Permanent link swish-e 2.2

A new swish-e version has arrived which they say is faster.

Indexing really looks faster, if I can trust my eyes?

Filed under: Thu, 19 Sep 2002 10:10:54 +0200
2002-09-18

Permanent link ServerTokens Prod

The current Apache OpenSSL worm ("Linux Slapper Worm") checks the webserver version by reading the HTTP header before it attacks.

Added "ServerTokens Prod" to httpd.conf - now it says "Server: Apache", was "Server: Apache/1.3.26 (Unix) mod_ssl/2.8.10 OpenSSL/0.9.6" before.

(See the Apache documentation and FAQ.)

Filed under: Wed, 18 Sep 2002 09:59:09 +0200
2002-09-13

Permanent link Creating PDF files

Downloaded the Adobe Generic Postscript printer driver as I thought I should be able to convert the .ps files into .pdf using ps2pdf under Linux.

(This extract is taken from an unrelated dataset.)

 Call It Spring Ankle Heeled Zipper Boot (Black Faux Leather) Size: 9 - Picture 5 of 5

But the resulting PDF is absolutely ugly - images are missing, fonts don't scale...

Acrobat is expensive (> 300 €), Jaws PDF Creator is more than 100 € as well...

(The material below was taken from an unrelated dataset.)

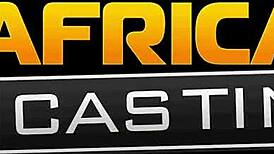 진짜 아마추어 에보니 걸레가 작은 18+ 가슴으로 거칠게 박혀. 그녀의 쥬시한 엉덩이가 큰 자지 세게 받아.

Filed under: Fri, 13 Sep 2002 09:37:12 +0200
2002-09-09

Permanent link PHP 4.2.3

Upgraded to Apache 1.3.26 / PHP 4.2.3.

Filed under: Mon, 09 Sep 2002 16:06:22 +0200
2002-09-06

Permanent link T-Online dsl 5000 MB?

The Telekom flat rate has just become more expensive - switch to the 5GB rate instead?

http://service.t-online.de/t-on/kund/anme/star/cc-anmeldung-1102.html

Filed under: Fri, 06 Sep 2002 09:21:45 +0200

Permanent link XDD trash can

XDD should move deleted records (including associated files) into a .trash directory.

Filed under: Fri, 06 Sep 2002 09:13:35 +0200
2002-09-05

Permanent link Checking for open ports

Installed a cron job which directs "nmap localhost" output to a file.

This file is checked for diffs by our dc4status tool.

So I should be notified by e-mail when a new port is opened...

Filed under: Thu, 05 Sep 2002 10:10:23 +0200
2002-09-04

Permanent link Faking POP3 mails with teapop

This is not yet working for me: I can authenticate through POP using my Unix account, but I didn't succeed in using .htpasswd files instead.